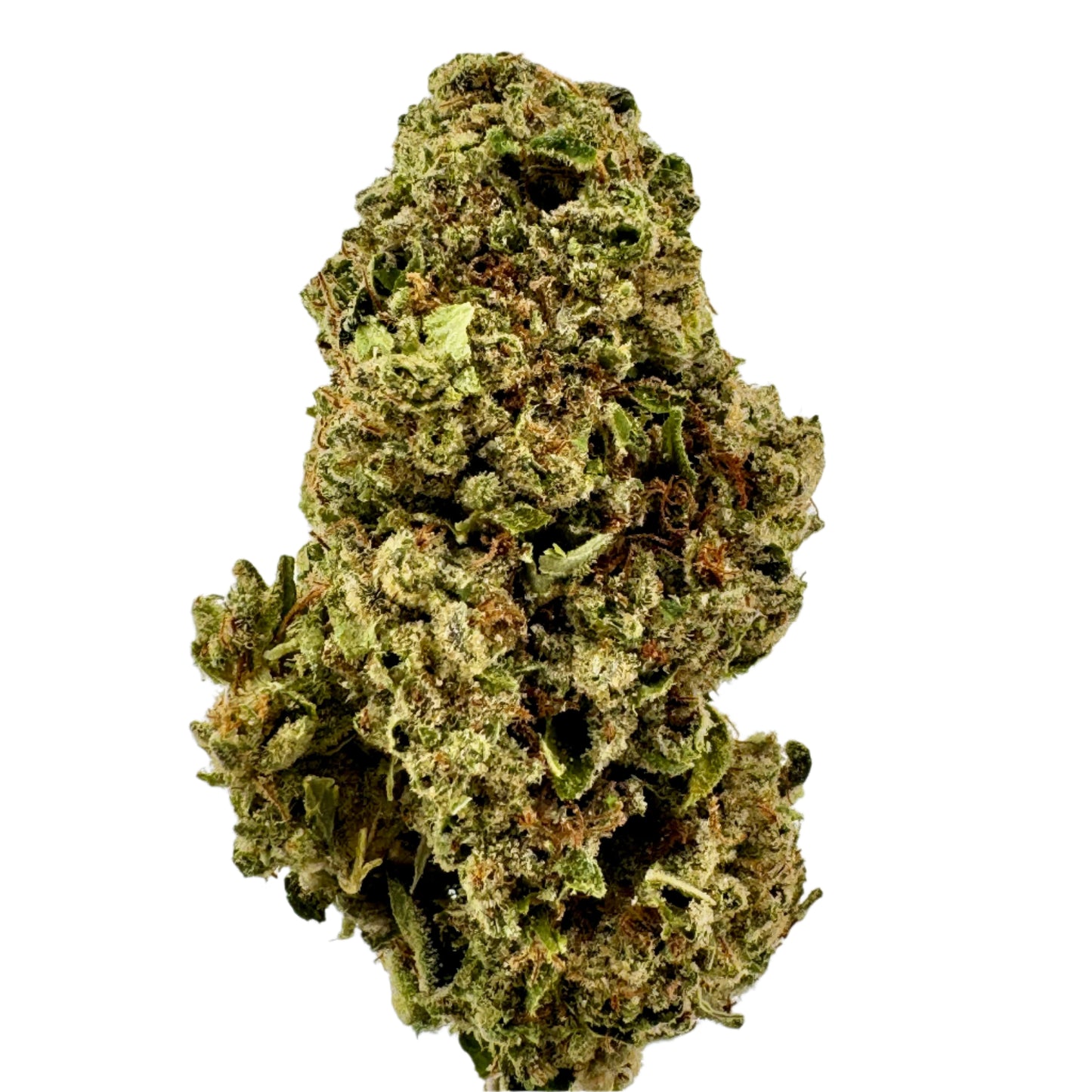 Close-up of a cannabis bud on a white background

* * *

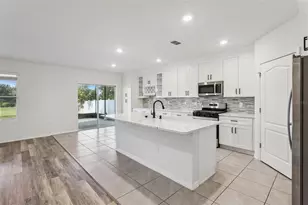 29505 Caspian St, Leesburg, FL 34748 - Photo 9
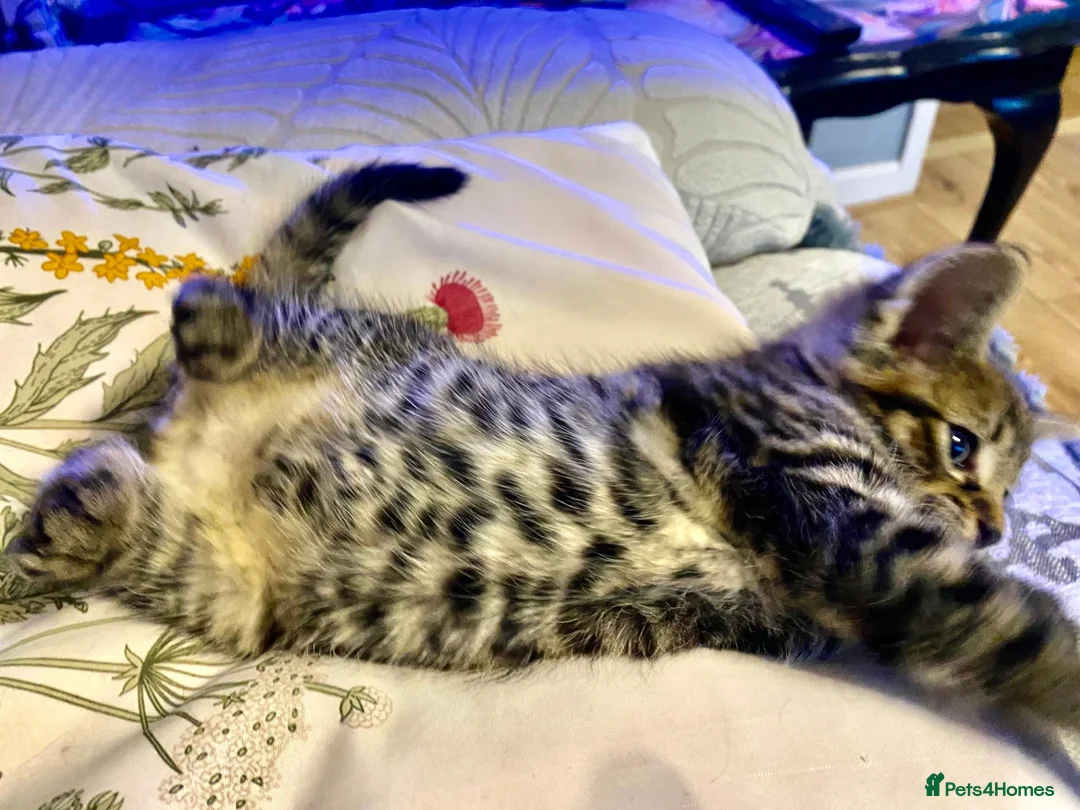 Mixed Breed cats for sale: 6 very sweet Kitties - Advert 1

...

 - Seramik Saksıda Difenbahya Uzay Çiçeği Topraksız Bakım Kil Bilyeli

▶ Problem statement
Copy only what runs above from the line containing "29505 Caspian St, Leesburg, FL" through the line containing "Mixed Breed cats", exactly. Leave out the pictures.

▶ Exercise output
 29505 Caspian St, Leesburg, FL 34748 - Photo 9
 Mixed Breed cats for sale: 6 very sweet Kitties - Advert 1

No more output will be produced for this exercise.